(Short descriptive text snippets)
============

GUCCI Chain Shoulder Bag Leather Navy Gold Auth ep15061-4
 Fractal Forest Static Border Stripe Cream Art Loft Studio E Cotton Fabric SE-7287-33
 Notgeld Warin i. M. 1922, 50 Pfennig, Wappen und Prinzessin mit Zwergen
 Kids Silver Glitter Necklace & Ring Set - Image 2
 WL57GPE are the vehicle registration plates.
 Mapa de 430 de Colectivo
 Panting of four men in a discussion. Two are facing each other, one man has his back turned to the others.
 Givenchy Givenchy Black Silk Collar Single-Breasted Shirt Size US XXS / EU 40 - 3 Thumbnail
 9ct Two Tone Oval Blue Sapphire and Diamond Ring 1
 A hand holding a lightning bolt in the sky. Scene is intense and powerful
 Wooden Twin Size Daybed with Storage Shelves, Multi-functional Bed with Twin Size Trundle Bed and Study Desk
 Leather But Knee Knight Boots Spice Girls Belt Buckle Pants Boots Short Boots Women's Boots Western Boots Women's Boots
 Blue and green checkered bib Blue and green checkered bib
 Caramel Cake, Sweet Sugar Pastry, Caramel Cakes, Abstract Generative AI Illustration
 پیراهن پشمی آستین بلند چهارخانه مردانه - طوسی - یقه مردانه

============

[What to do]
Give back the complete data, each line unchanged.

[Finished exercise]
GUCCI Chain Shoulder Bag Leather Navy Gold Auth ep15061-4
 Fractal Forest Static Border Stripe Cream Art Loft Studio E Cotton Fabric SE-7287-33
 Notgeld Warin i. M. 1922, 50 Pfennig, Wappen und Prinzessin mit Zwergen
 Kids Silver Glitter Necklace & Ring Set - Image 2
 WL57GPE are the vehicle registration plates.
 Mapa de 430 de Colectivo
 Panting of four men in a discussion. Two are facing each other, one man has his back turned to the others.
 Givenchy Givenchy Black Silk Collar Single-Breasted Shirt Size US XXS / EU 40 - 3 Thumbnail
 9ct Two Tone Oval Blue Sapphire and Diamond Ring 1
 A hand holding a lightning bolt in the sky. Scene is intense and powerful
 Wooden Twin Size Daybed with Storage Shelves, Multi-functional Bed with Twin Size Trundle Bed and Study Desk
 Leather But Knee Knight Boots Spice Girls Belt Buckle Pants Boots Short Boots Women's Boots Western Boots Women's Boots
 Blue and green checkered bib Blue and green checkered bib
 Caramel Cake, Sweet Sugar Pastry, Caramel Cakes, Abstract Generative AI Illustration
 پیراهن پشمی آستین بلند چهارخانه مردانه - طوسی - یقه مردانه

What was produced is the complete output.